Birtakım Müslüman vatandaşları, Atatürk kanunlarına uymak hususunda zorlarken, öte yandan kendisi Şapka Kanununa muhalefet ederse, bunun adına samimiyetsizlik denmez de ne denir?
Sırası gelmişken, ibretli bir vak’ayı anlatmak istiyorum. Türkiyeli bir Şeyh efendi, müridleriyle beraber İslâmî dâvet yapmak üzere Amerika’ya gittiğinde, bir gün kendisini ve yakınlarını New York’ta büyük bir gökdelenin bir katındaki lüks bir lokantaya götürürler. Şeyh efendi kravatsızdır. Kapıdaki adamlar “buraya kravatsız girilmez! diyerek mâni olmağa kalkarlar. Bunun üzerine, maiyetindekilerden biri, kapıcının kulağına eğilirek bir şey söyler. Bu söz üzerine kapıcı “özür dilerim, öyleyse buyursunlar” diyerek yolu açar.
Kapıcıya ne denmiştir biliyor musunuz: Söyleyeyim: “Bu zat bir din adamıdır, dinî inanç ve kanaatlerinden dolayı kravat takmamaktadır” denilmiştir.
Batı batı diyorlar, batılılaştıklarını zannediyorlar. Ama nafile.
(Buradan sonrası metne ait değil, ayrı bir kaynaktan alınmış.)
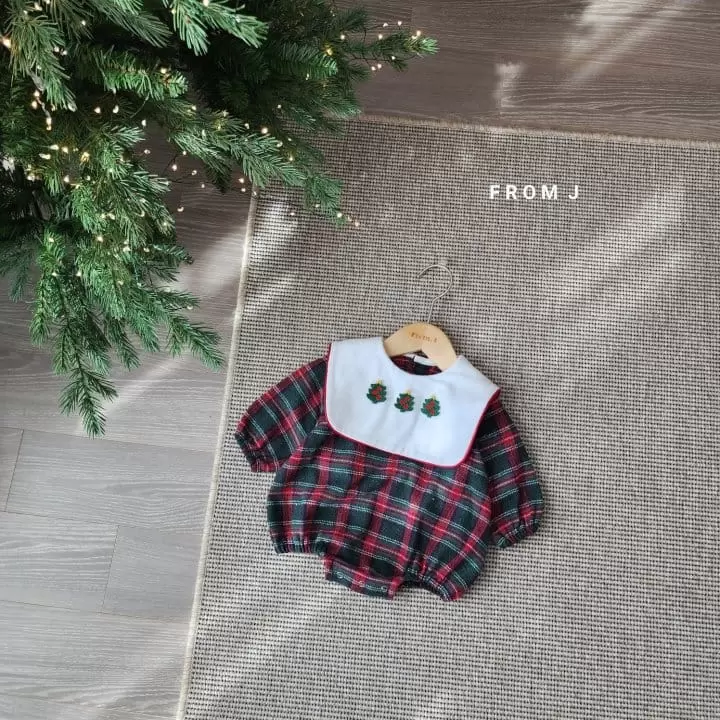 From J - Korean Baby Fashion - #babyboutique - Check Christmas Body Suit - 9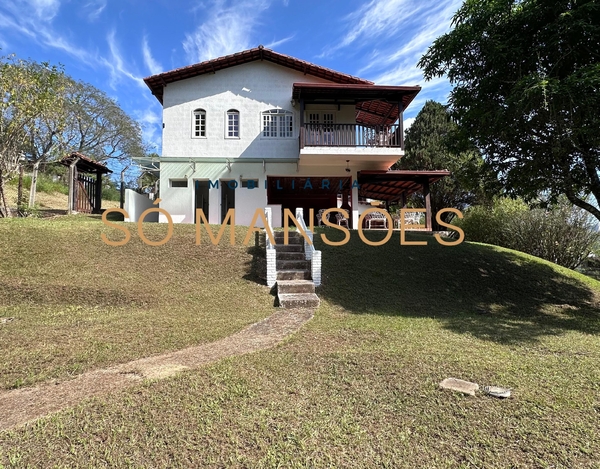 CASA COM EXCELENTE LOCALIZAÇÃO E FUNDO PARA ÁREA DE PRESERVAÇÃO À VENDA NO BOSQUE DO JAMBREIRO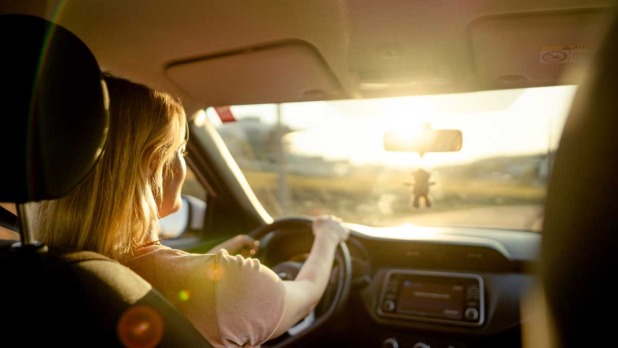 Vrouw in auto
Batının böyle uygulamaları da var, bizimkiler ise Nuh diyorlar, Peygamber demiyorlar.
Bay Hüsamettin, Erdal İnönü’nün kalpağına da ilişse ya ilişmez, ilişemez. Çünkü kafa-dardırlar.
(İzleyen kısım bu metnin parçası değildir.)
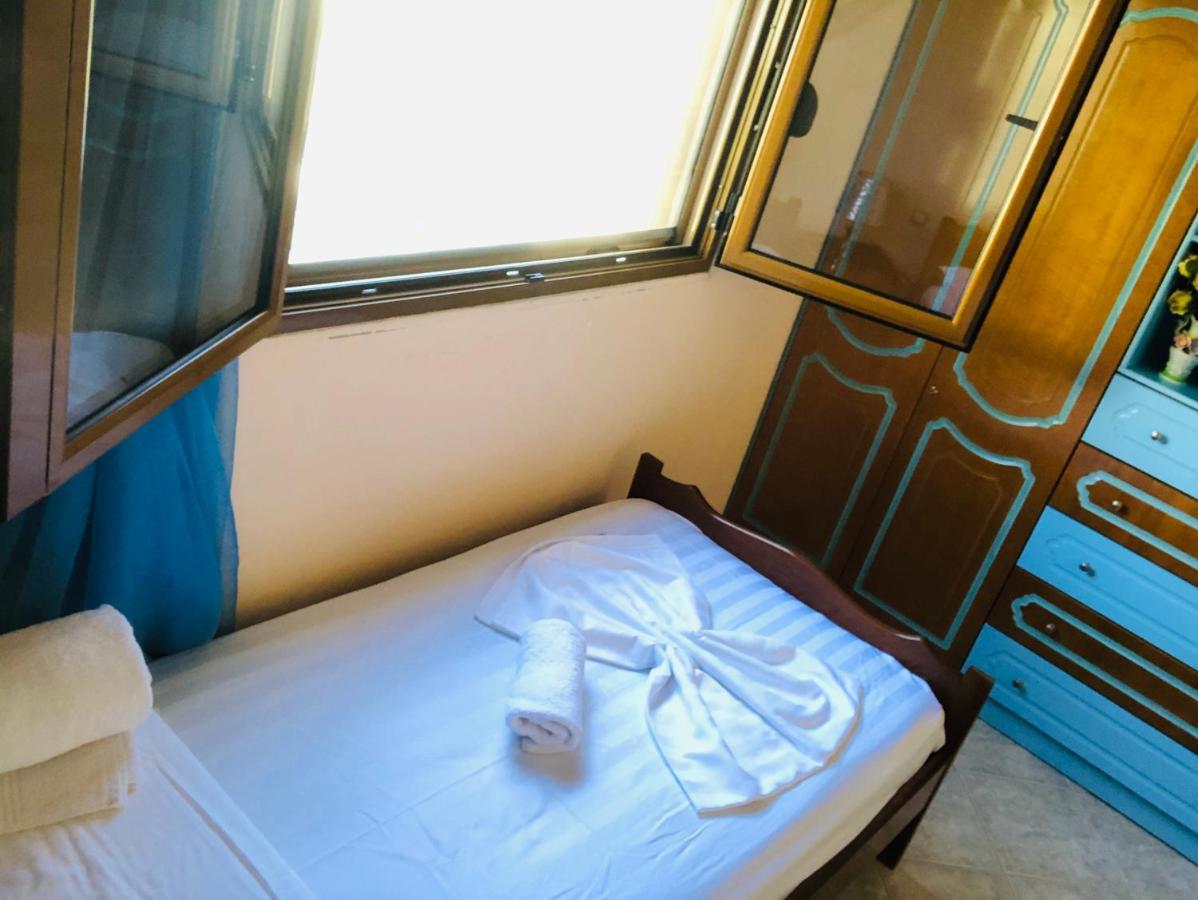 סרנדה Comfort Guest Rooms Vila Hm מראה חיצוני תמונה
Bay Hüsamettin iyi ki, Japon Meclisine başkan olmamış. Orada kimonoyu yasak eder, büyük bir fırtına kopartırdı.
Aslında Bay Hüsamettin’in bu yasağını Avrupa İnsan Hakları Mahkemesi ne kadar ulaştırmak lazımdır.
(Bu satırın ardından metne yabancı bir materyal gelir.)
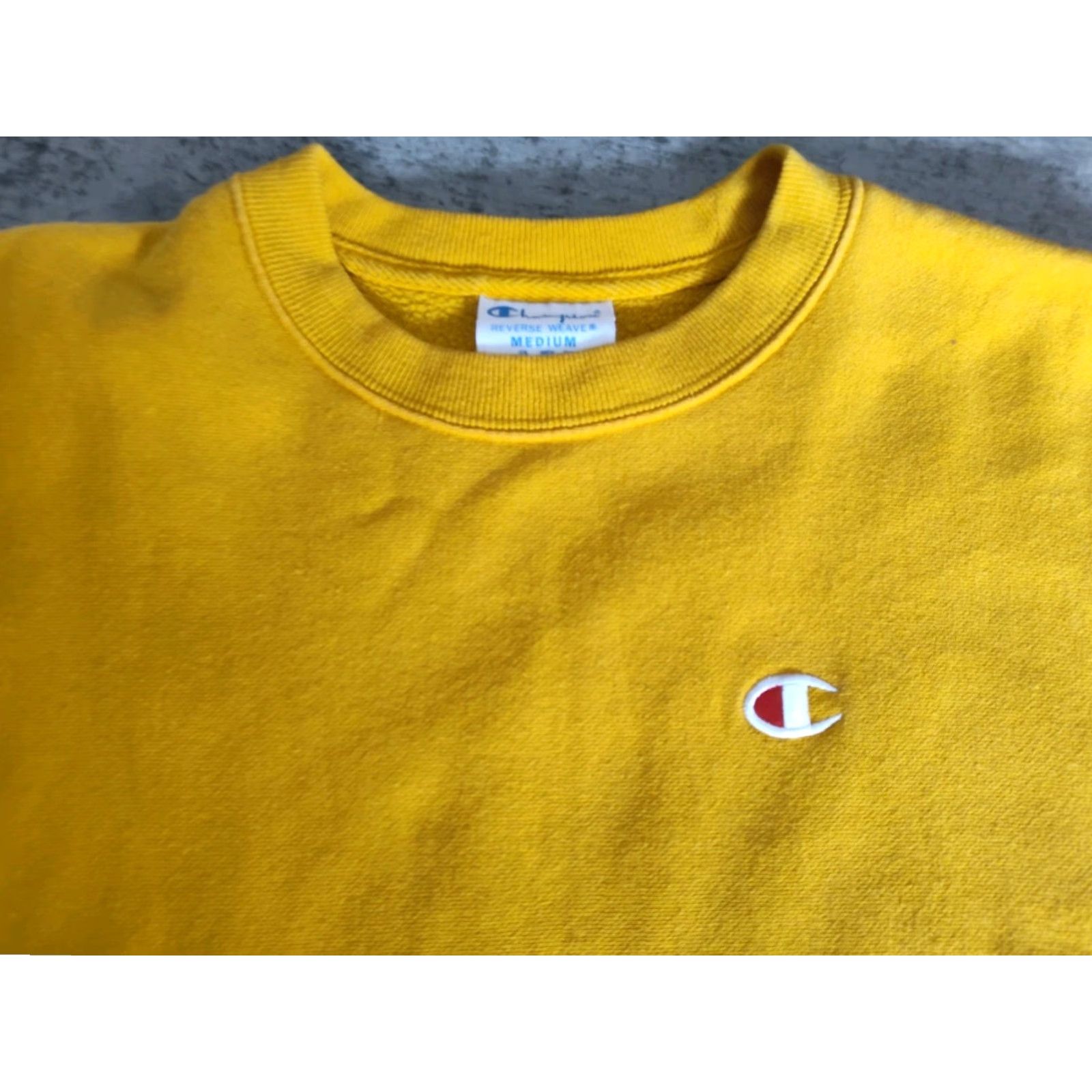 Champion VINTAGE Champion Sweatshirt Men’s Medium Crew Neck Fleece Yellow Gold 90s Sport Casual Size US M / EU 48-50 / 2 - 5 Thumbnail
Artık fanatizmi bırakalım ve milletimizin kendi öz kültürüne ait özelliklere saygı gösterelim. Bizim gibi düşünmeyenlere hoşgörü (müsamaha) ile muamele etmesini bilelim. Devlet kılık kıyafete karışmamalıdır. Devlet, alfabe yasağını devam ettirmemelidir. Mason locaları nasıl serbestse dinî tarikatlere de aynı serbestlik tanınmalıdır. Müslüman hanımların peçesine çarşafına el ve dil uzatılmamalıdır. Dindar kadınların katolik rahibeler kadar hakkı, hürriyeti, haysiyeti yok mudur?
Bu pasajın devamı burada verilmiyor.